In a still further aspect of a still further form thereof, the present invention provides a cord guide for a vertical cellular blind having a headrail, a panel of cellular material suspended from the headrail, a vertical rail at an end of the panel, the vertical rail and at least a portion of the panel being translatable along the headrail, and a cord secured in the head rail and extending through the panel and into the vertical rail. The cord guide includes a guide body secured in the vertical rail; and a curved guide surface on the body receiving and redirecting the cord between substantially horizontal and vertical paths.
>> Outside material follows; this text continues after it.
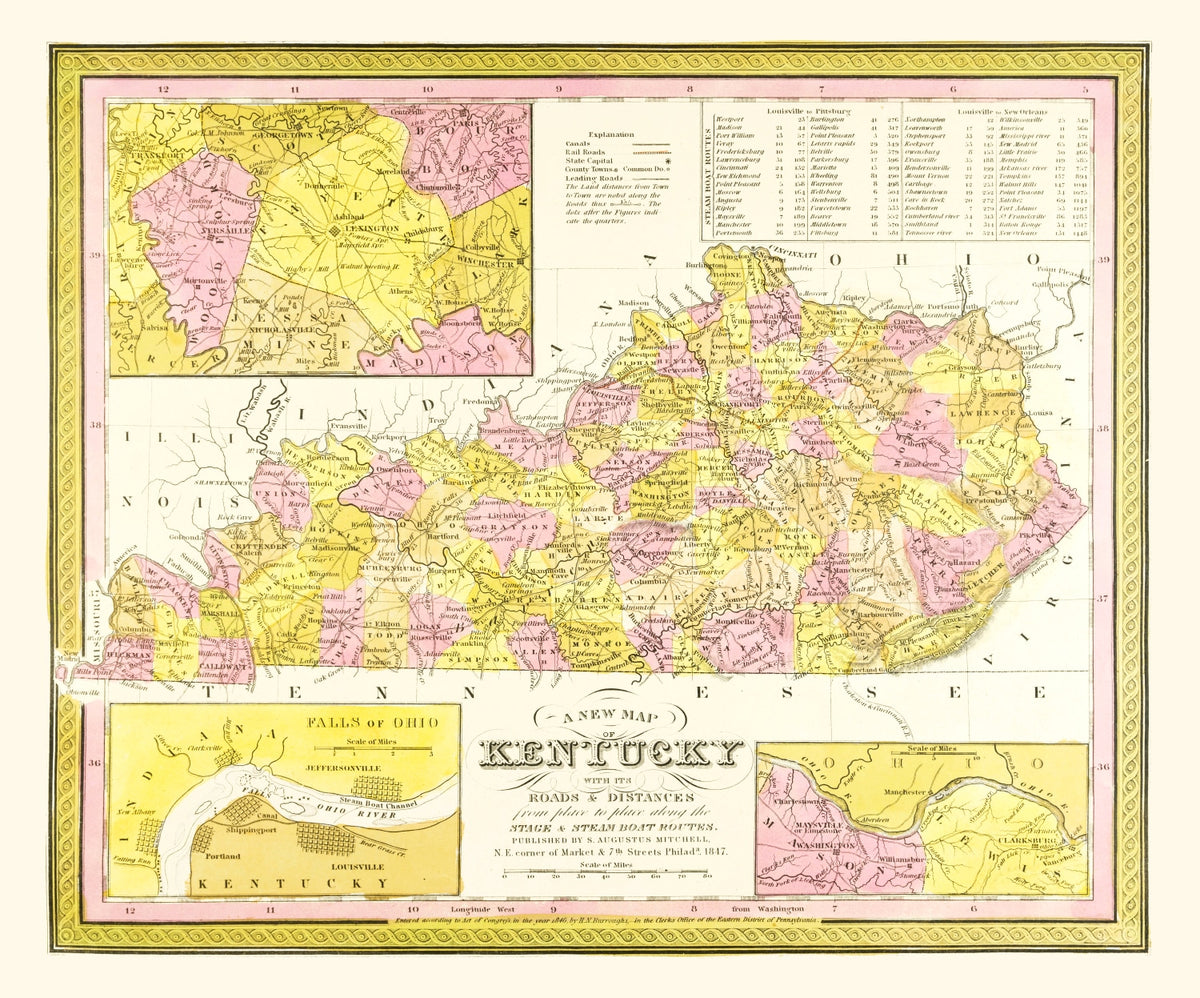 Preview of Vintage Map of Kentucky 1847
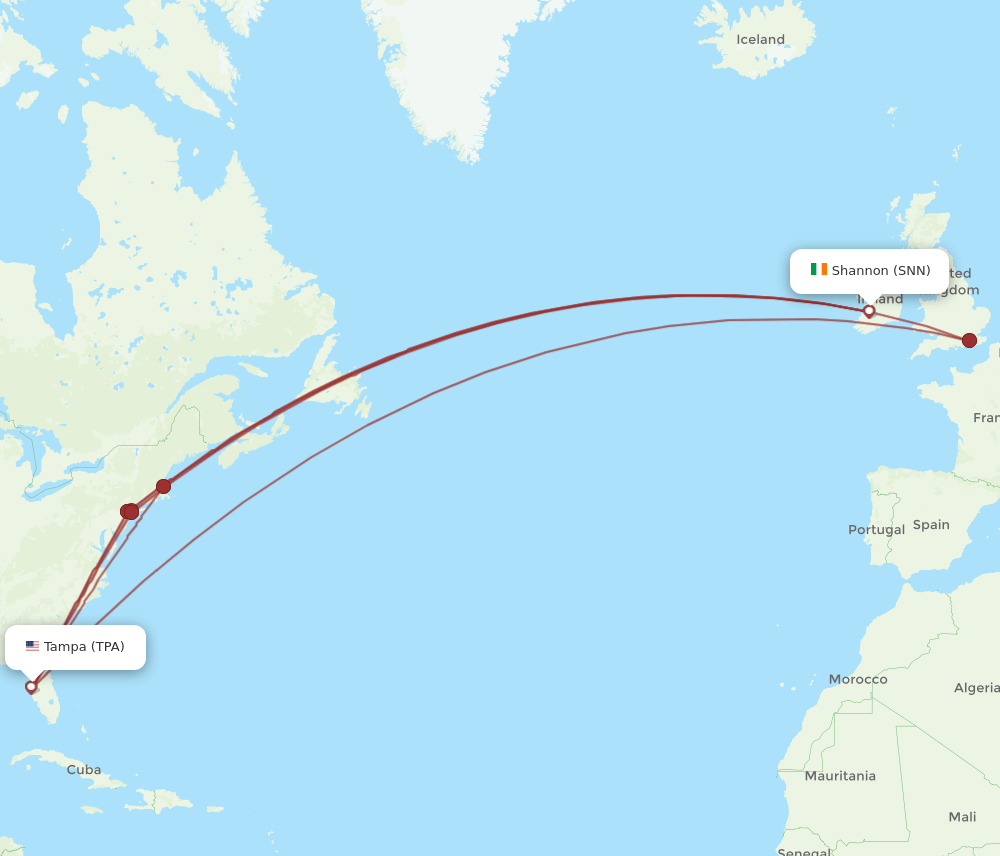 TPA-SNN flight routes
The guide surface extends from a periphery of the vertical rail to a substantially inward position in the vertical rail.

An advantage of the present invention in one form thereof is providing a vertical cellular blind that minimizes creep, even in long lengths of the blind and in blinds of different widths.

Another advantage of the present invention in another form thereof is providing a vertical cellular blind having adjustable vertical rails so that the vertical rails can be positioned in desired vertical positions.

Still another advantage of still another form of the present invention is providing releasable carriages that minimize fabric damage if the fabric is inadvertently pulled away from the headrail.

Yet another advantage of the present invention in yet another form thereof is providing a vertical cellular blind that stacks compactly at either end of the blind to provide maximum exposure of a window or other feature behind the blind.

A further advantage of the present invention a further form thereof is providing a vertical cellular blind that operates smooth between opened and closed positions with reduced cord wear.

A still further advantage of the present invention in a still further form thereof is providing a vertical cellular blind that hangs straight and in line both vertically and horizontally.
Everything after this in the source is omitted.